--- Assignment ---
Beginning with the line in which "Vintage Bracelet Molded" appears, transcribe each line word for word until the records end. Do not include pictures.

Collected data:
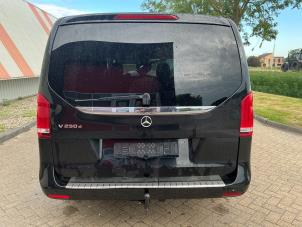 Mercedes V 2.1 250 BlueTEC, 250 d 16V Vehículo de desguace (2017, Negro)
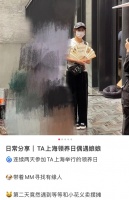 孙俪带儿女参加义卖，与路人合影青筋凸起，一搪瓷杯卖89元引热议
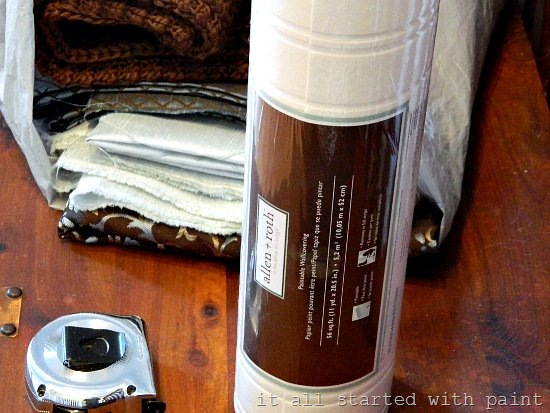 [bead%2520board%2520wallpaper%2520and%2520blue%2520and%2520brown%2520fabric%255B11%255D.jpg]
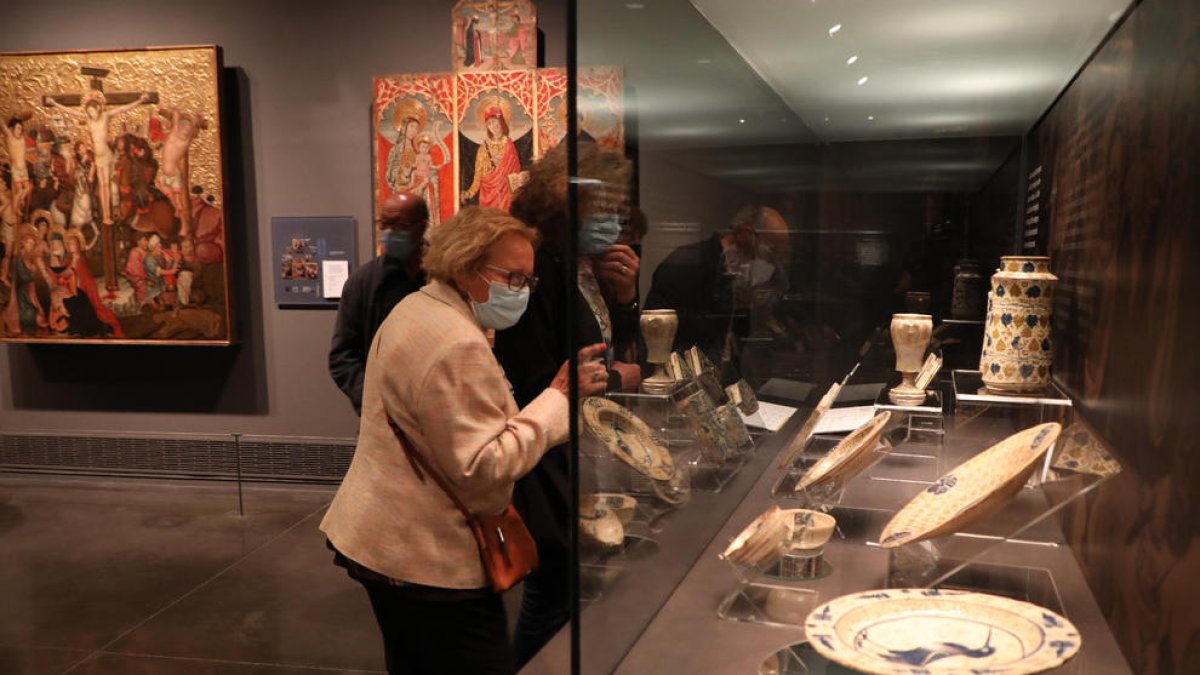 Museu de Lleida. En l’exposició permanent hi ha peces (ceràmica, orfebreria) protegides en vitrines, però la majoria de l’art no ho està.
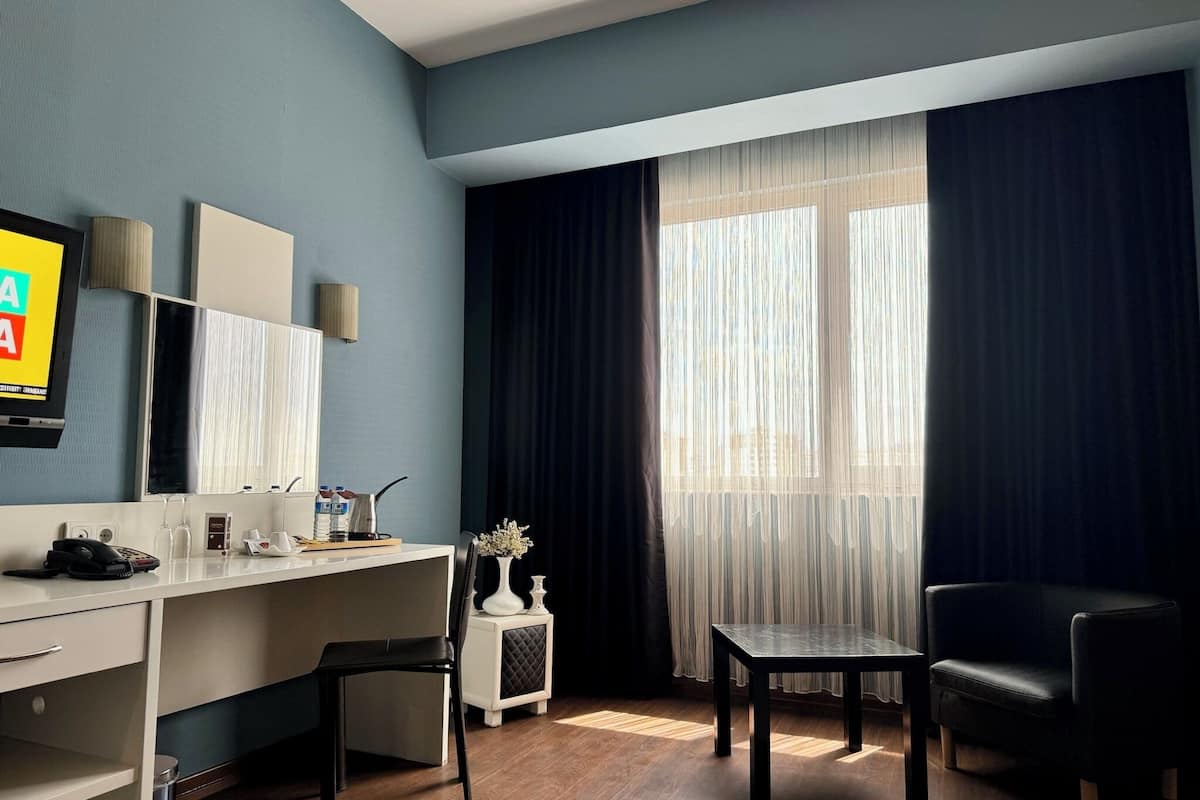 standard double room | in-room safe, desk, blackout curtains, soundproofing
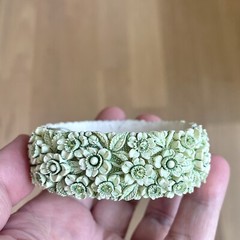 Vintage Bracelet Molded Plastic Green Celluloid Flower Rhinestone Clamper Hinged
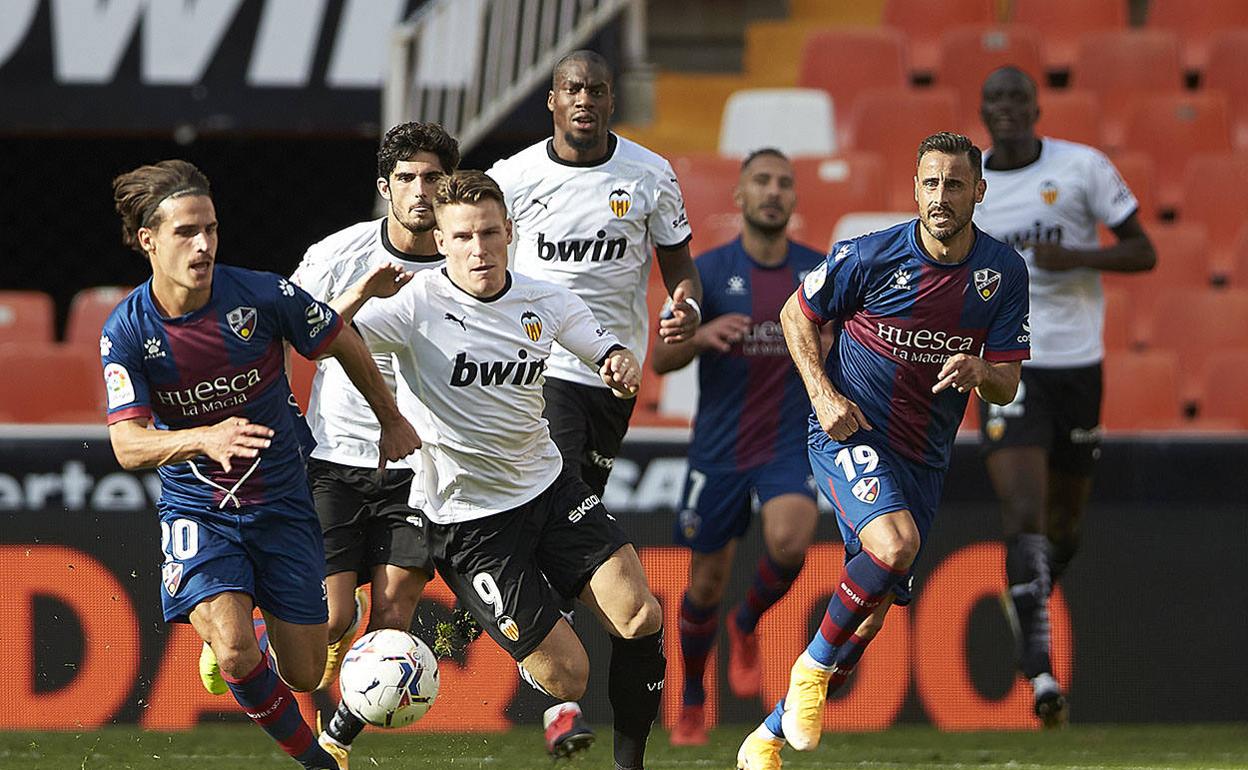 Gameiro debutó ayer tras la una lesión que sufrió en el inicio de la temporada.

--- Reply ---
 Vintage Bracelet Molded Plastic Green Celluloid Flower Rhinestone Clamper Hinged
 Gameiro debutó ayer tras la una lesión que sufrió en el inicio de la temporada.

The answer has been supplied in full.